The president´s victory means the PT is the only party to win four straight elections to the Planalto Palace. However, her second mandate promises to be tougher than the first

Por Sidclei Sobral
Atualizado em 31 jul 2020, 02h45 - Publicado em 28 out 2014, 12h42

Following an extraordinary bitter campaign, a victory by a narrow margin. That was how 66-year-old Dilma Vana Rousseff, from Minas Gerais state, reached her second mandate as president of Brazil. The reelection was confirmed at 20:31 when, with over 98% of the results known, she achieved 51.45% of the votes and could not be overtaken by the PSDB candidate, Aécio Neves, who had 48.55%. The difference of only three percentage points is the smallest since the PT (Workers Party) came to power in 2002. In 2010, Rousseff obtained 56% of the valid votes compared with 44% for the PSDB candidate at that time, José Serra.

The tight victory ushers in a much more difficult second mandate for the PT´s champion. The last week of the electoral race was marked by the eruption of the “Operation Car Wash” scandal involving the diversion of funds from the state-owned oil company, Petrobras, which directly reached the president herself and her predecessor, Luiz Inácio Lula da Silva. As VEJA revealed, the detained currency broker Alberto Yousseff, who is being questioned by the Federal Police under a plea bargaining deal, told investigators that both Rousseff and Lula knew about the scheme. The electoral race is over and Rousseff will now have to deal with the developments of the case. At the same time, she will have to face a reinvigorated opposition against the gloomy backdrop of the economy in a technical recession and high inflation. The combination of a scandal of unparalleled proportions, the ingredients of which come from the official investigations, stronger adversaries and the economy in crisis could put Rousseff in the middle of a perfect storm.

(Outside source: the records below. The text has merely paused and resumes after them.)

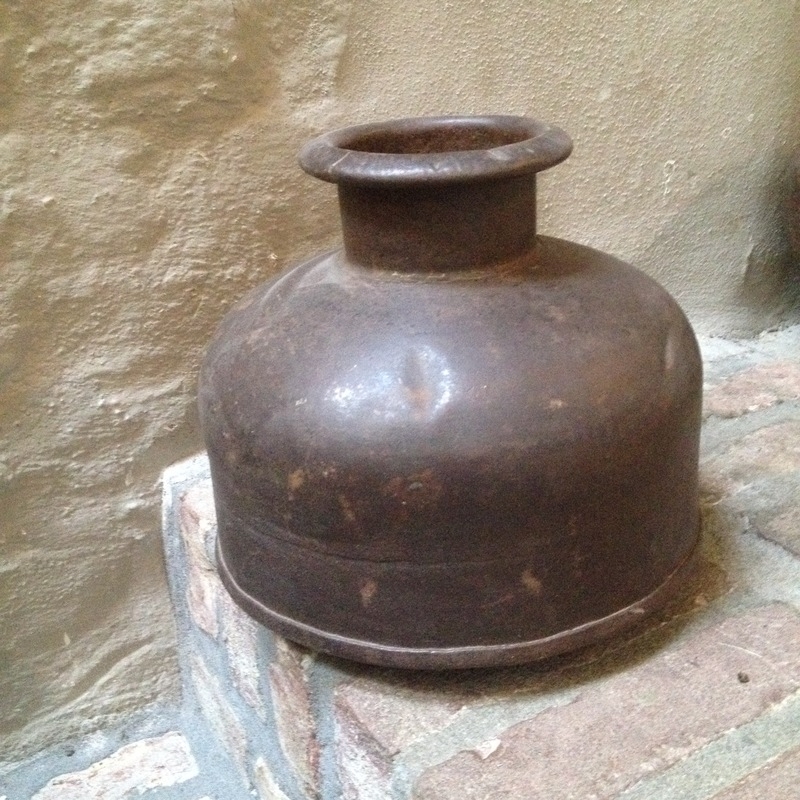 Oude ijzeren waterkruik pot kruik vaas metaal industrieel landelijk vintage etnisch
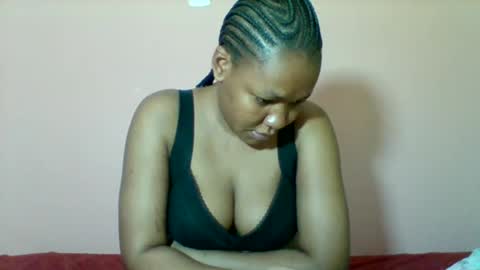 Snapshot of sexyapple2002 chatting on 10/29/25, 12:18 sexyapple2002 online show from 10/29/25, 12:18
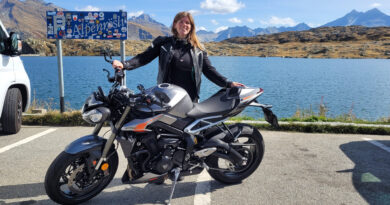 Motortest: Triumph Street Triple 765 RS – Retestrak Sturen door de Zwitserse bergpassen Motortest: Triumph Street Triple 765 RS – Retestrak Sturen door de Zwitserse bergpassen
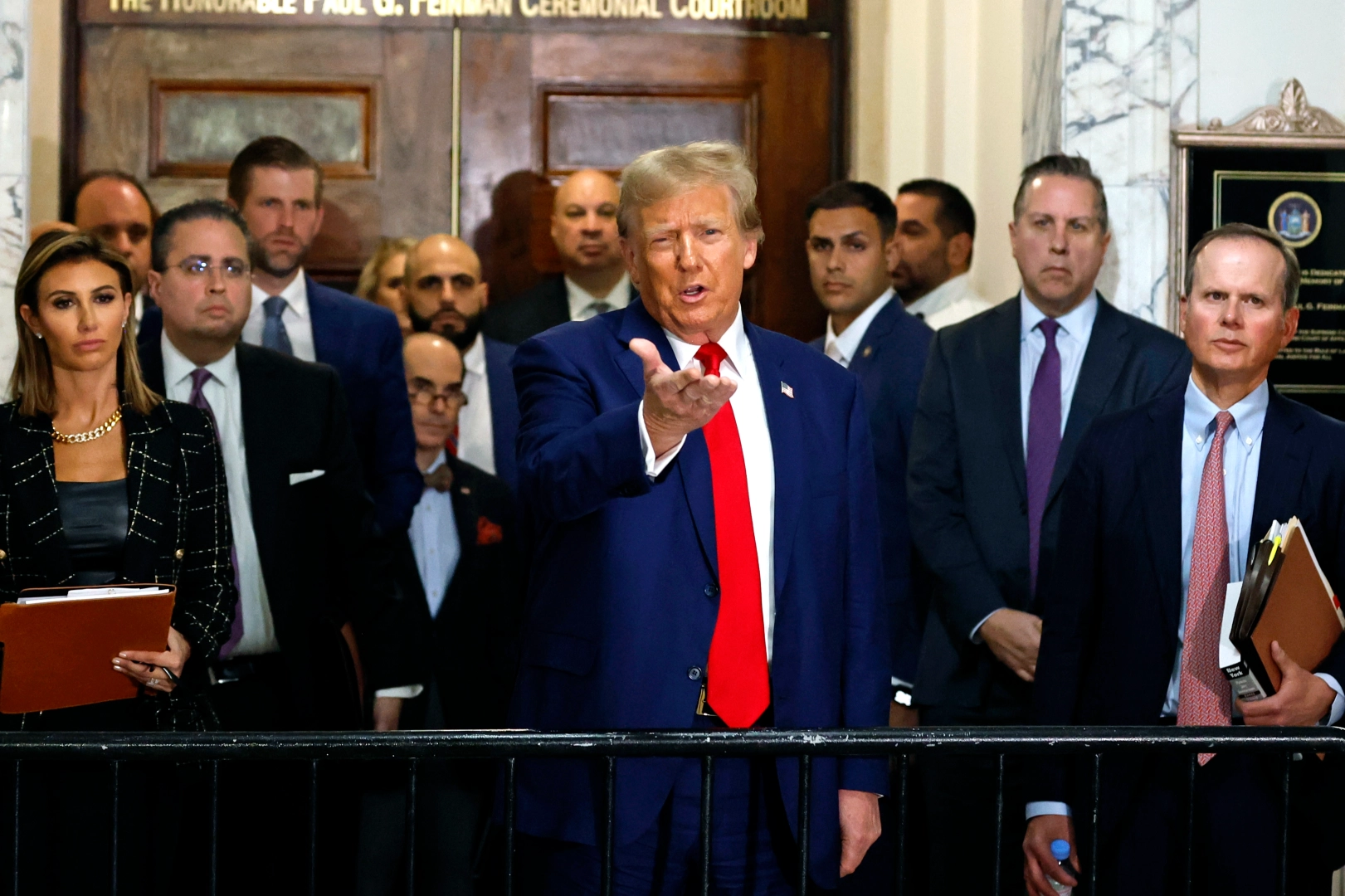 Donald Trump, bir kez daha hakim karşısında haberinin görseli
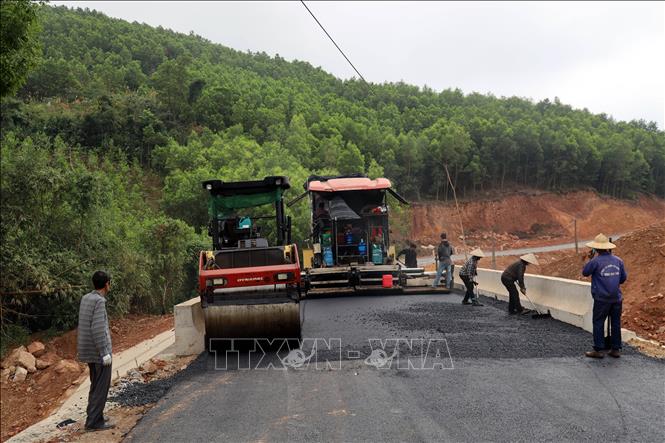 Tuyến đường liên thôn Pắc Lập - Nà Lim, xã Kỳ Thượng đang được trải thảm nhựa hoàn thiện trước Tết Nguyên đán. Ảnh: Đức Hiếu - TTXVN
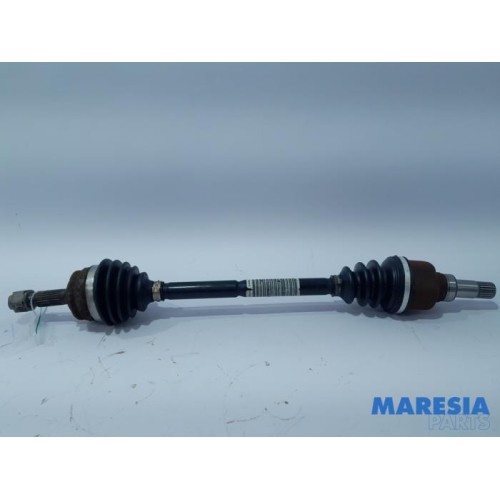 Peugeot - 208 - Front drive shaft, left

However, even before embarking on her new mandate, the president has to decide whether to ignore the point of view of almost half the electorate or take them into account in drawing up her policies. The narrow difference between the candidates reflects an electoral race that was surrounded by turnarounds, marked by a tragedy, and one that will go down in history for the aggressive approach the president´s party took to avoid losing power. As Rousseff predicted in March 2013, the PT would do “whatever it took” in this campaign. In the first round, the PT propaganda machine turned its artillery against Marina Silva, who took over the PSB platform following the death of Eduardo Campos and soared ahead in the opinion polls within a short time. Silvia was sucked dry and did not reach the second round. It was then Aécio Neves´s turn to become the PT target. With unmatched efficiency, the PT machine invented a tale in which the PSDB candidate was disrespectful towards women and aggressive towards the head of state. From then on, the PT increased the number of blows it delivered below the belt. Rousseff´s election marked a historical milestone: the Workers Party has become the only one to win four consecutive elections to the Planalto Palace.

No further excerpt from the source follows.